Demonstrators of a right wing group, "La Meute" demonstrate in silence in front of the legislature, Sunday, August 20, 2017 in Quebec City. THE CANADIAN PRESS/Jacques Boissinot Photo: Jacques Boissinot/La Presse canadienne

Quoi? Pas moyen de partir un petit trois semaines en vacances sans que tu fasses le débile? Une manif anti-immigration «illégale» qui dérape du fait de la violence… d’opposants? Sérieux, Québec, t’es pas cool.

Le pire est que, pendant l’affrontement en question, moi, j’étais dans le quartier hippie de San Francisco. L’amour à tue-tête, la paix à bouche que veux-tu (ou l’inverse). Une panoplie de trucs anti-Trump, les rues encore pleines de vestiges de manifs sur le Vietnam. Alors moi, tu vois, j’allais justement t’écrire là-dessus : la paix. Et comme si tu souhaitais me ramener à l’ordre, tu fais le clown. À grands coups de hurlements de loups racistes dégénérés [insérer ici un gag sur le terme «pléonasme»]. À grands coups de faux prétextes. À grands coups de vomissements jadis islamo, devenus purement fachos. À grands coups de cassettes style extrême-droite, celle qui se termine systématiquement mal.

Pas fier de toi, mon Québec. Et pas seulement du fait que La Meute et ses sbires (combien de Like, sur leur page, déjà?) soient dangereux. Non, pas tant ça qu’autre chose, pour être honnête. Ce qui m’embête est d’un tout autre ordre, et bien plus grave. On appelle ça l’instrumentalisation et la légitimation.

L’instrumentalisation, d’abord. Parce que ne nous comptons pas d’histoire, Québec. Les dérapages actuels, on les voyait venir un mille à la ronde. Des calculs électoraux de politiciens en manque de votes, prêts à tout pour reconquérir Rimouski-Ouest. On affirme «qu’il y a des hidjabs partout, ça suffit». On compare le niqab à un déversement de pétrole. On souhaite leur faire passer un test des valeurs, sous peine de déportation. Typiquement québécois, comme modus operandi? Bien sûr que non. Occidental, plutôt. Voir Trump, notamment. Mais cela n’excuse rien. Comme chantait Renaud: « Le fascisme, c’est la gangrène, à Santiago comme à Paris.»

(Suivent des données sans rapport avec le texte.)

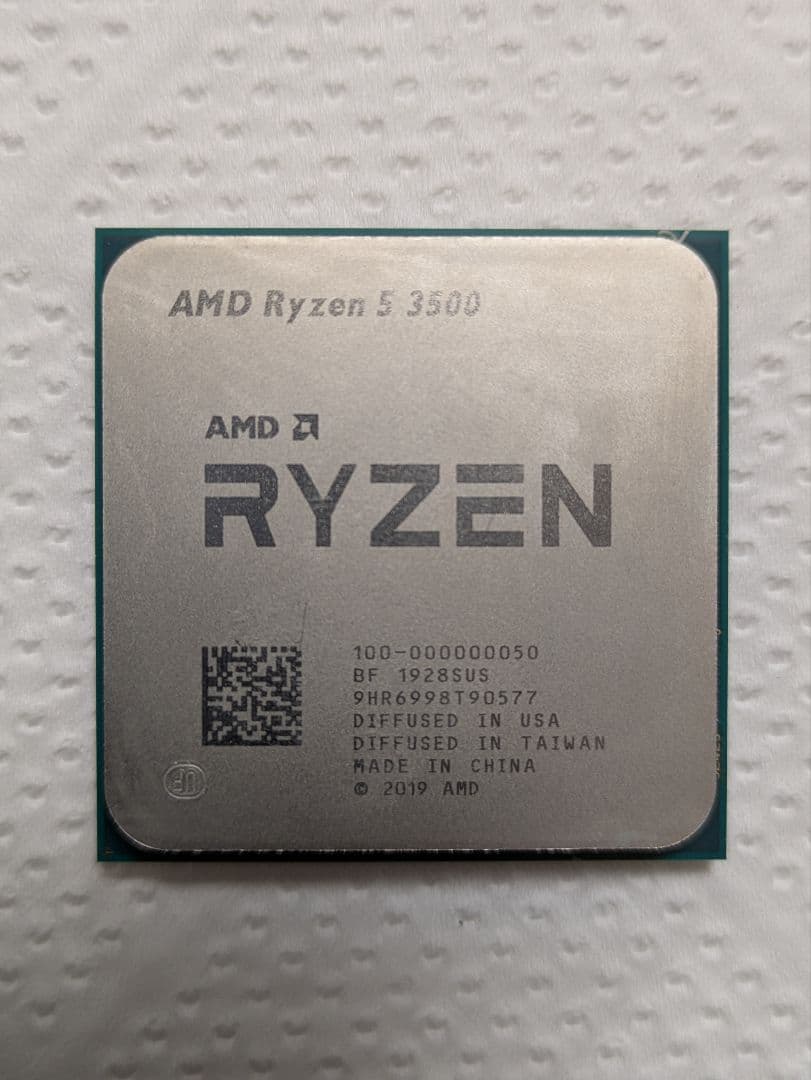 AMD Ryzen 5 3500 CPU 純正CPUクーラー付　動作確認済　中古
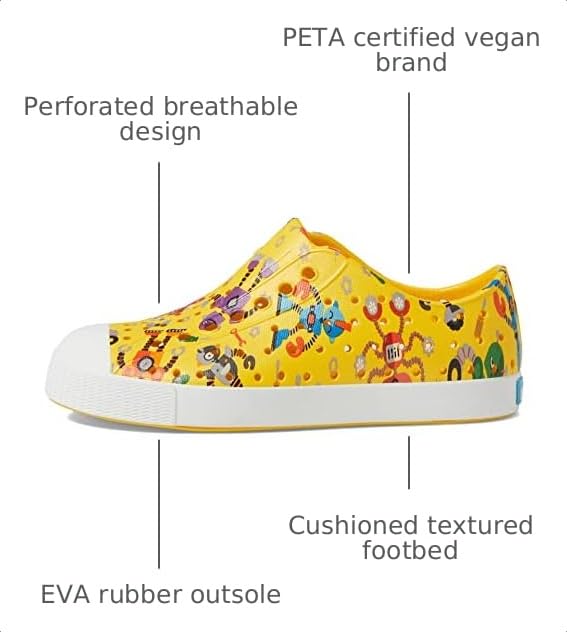 Image of Native Shoes Unisex-Kids Jefferson Print Sneakers
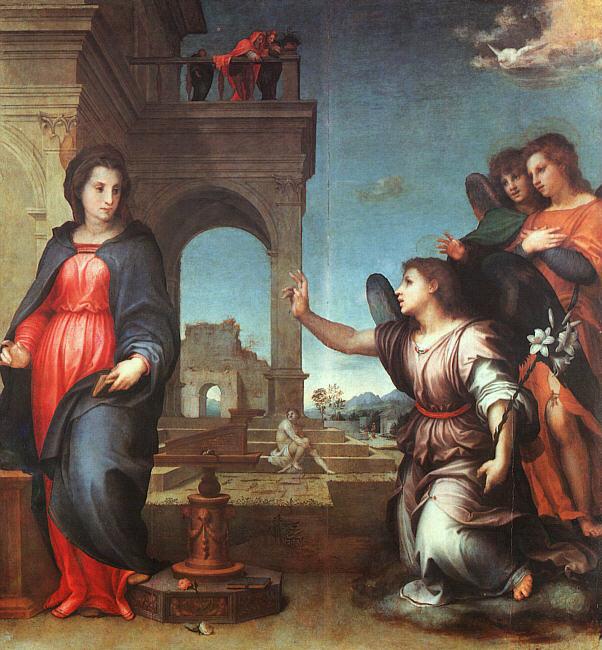 Andrea del Sarto The Annunciation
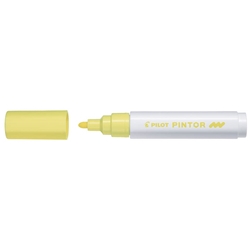 Marcatore multisuperficie Pilot Pintor a base d'acqua punta in fibra 4,5 mm giallo pastello - 002370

Légitimation, maintenant. Paraît qu’il faille éviter d’accorder trop d’attention à La Meute. Ah bon. Faudrait alors passer le message aux médias, dont plusieurs ont suivi la manif en direct. Comme si celle-ci revêtait une quelconque importance. Et évidemment, arriva ce qui devait arriver. Le wet dream médiatique par excellence. Des manifestants anti-Meute lui balancent quelques claques sur la gueule, et pis voilà, le vent qui tourne de bord. La Meute, respectueuse des lois. N’importe quoi.

Bravo ainsi à Jaggi Singh, alias le petit frère fatiguant, qui s’invite pour faire foirer une pertinente contre-manif. Et comme c’était prévisible pour n’importe qui (sauf le petit frère fatiguant, apparemment), les médias se sont emparés du truc, venant du coup mettre les deux «clans» sur un pied d’égalité – côté légitimité.

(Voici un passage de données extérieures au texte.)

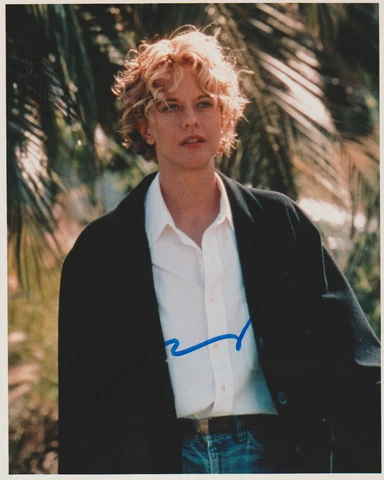 Meg Ryan certified Signed autographed vintage  8 X10 photo + COA Cover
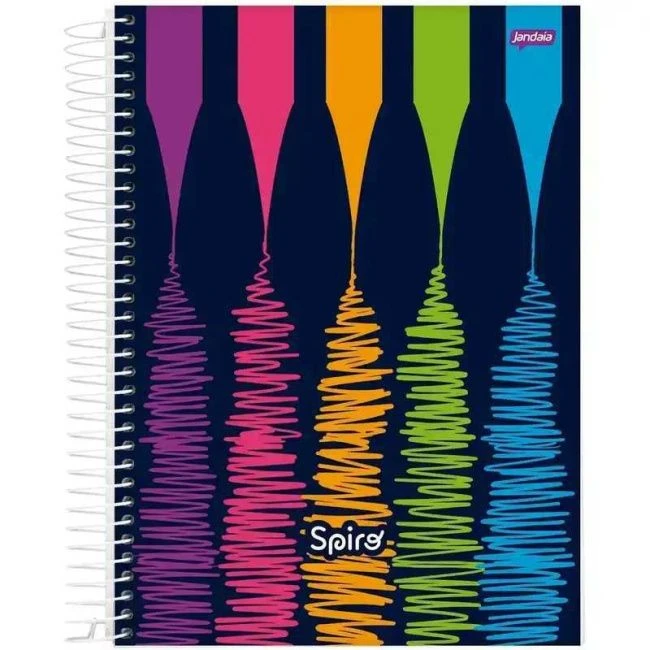 Caderno Espiral Universitário Capa Dura Spiro 10 Matérias 160 Folhas - Jandaia - 1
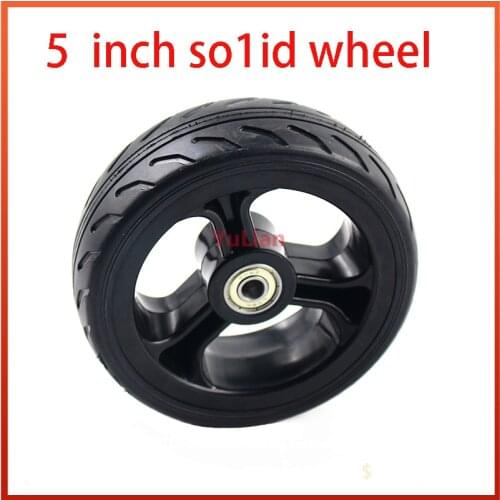 5 inch Solid wheels Fast wheel F0,jackhot,Nes carbon fiber scooter solid tire with alloy rim or plastic hub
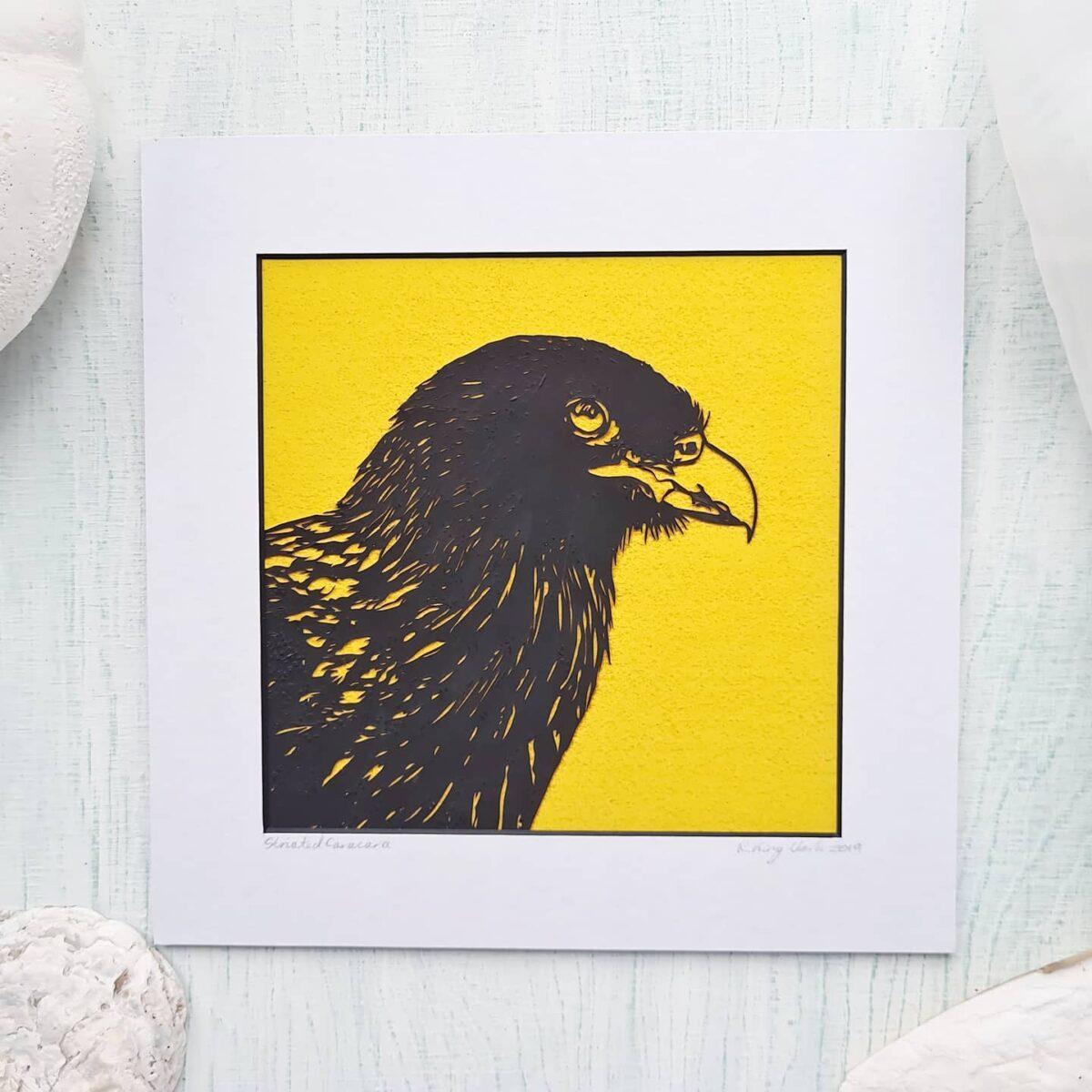 Striated Caracara bird of prey raptor papercut papercutting paperart Falkland Islands Striated Caracara bird of prey raptor papercut papercutting paperart Falkland Islands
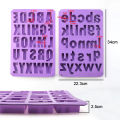 26 Letter Silicone Chocolate Mold Cake Mould Jelly Candy 3D DIY Molds Kitchen Baking Tools.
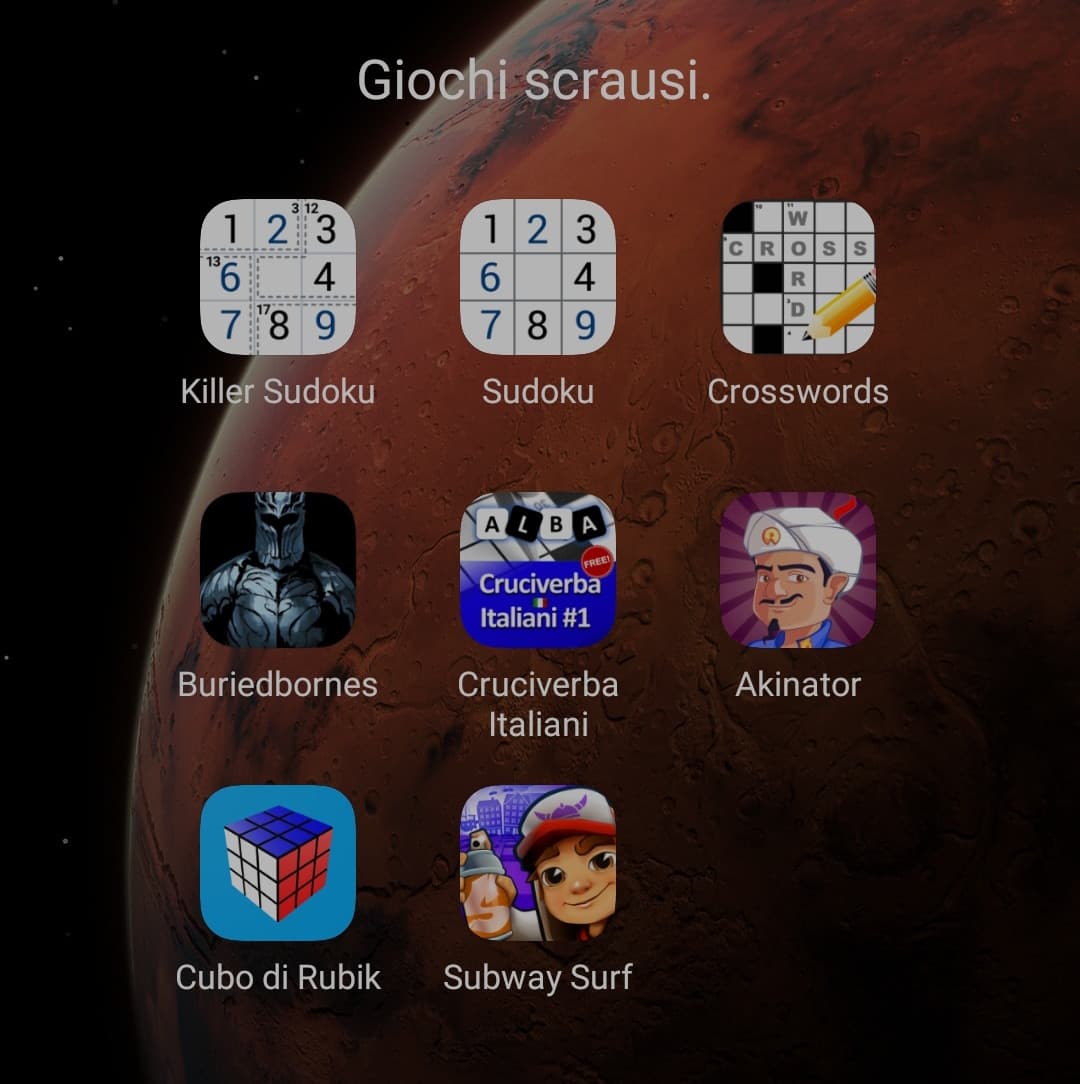 i jochi che ho sul telefono.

Belle manière de faire dévier, à nouveau, un débat pourtant facile à saisir: nous sommes actuellement aux prises avec un mouvement d’extrême droite, Québec. Que faire? Ma suggestion: sortir de ton mutisme, de ton apathie généralisée. Dénoncer, sur tous les toits médiatiques, leur discours et autres duperies. Utiliser à bon escient les médias sociaux. Casser, par tous les moyens, le processus de légitimation actuel. Bref, sortir de ta torpeur. Parce que dixit Rousseau : «Laisser commettre les crimes qu’on peut empêcher n’est pas seulement en être témoin, c’est en être complice.»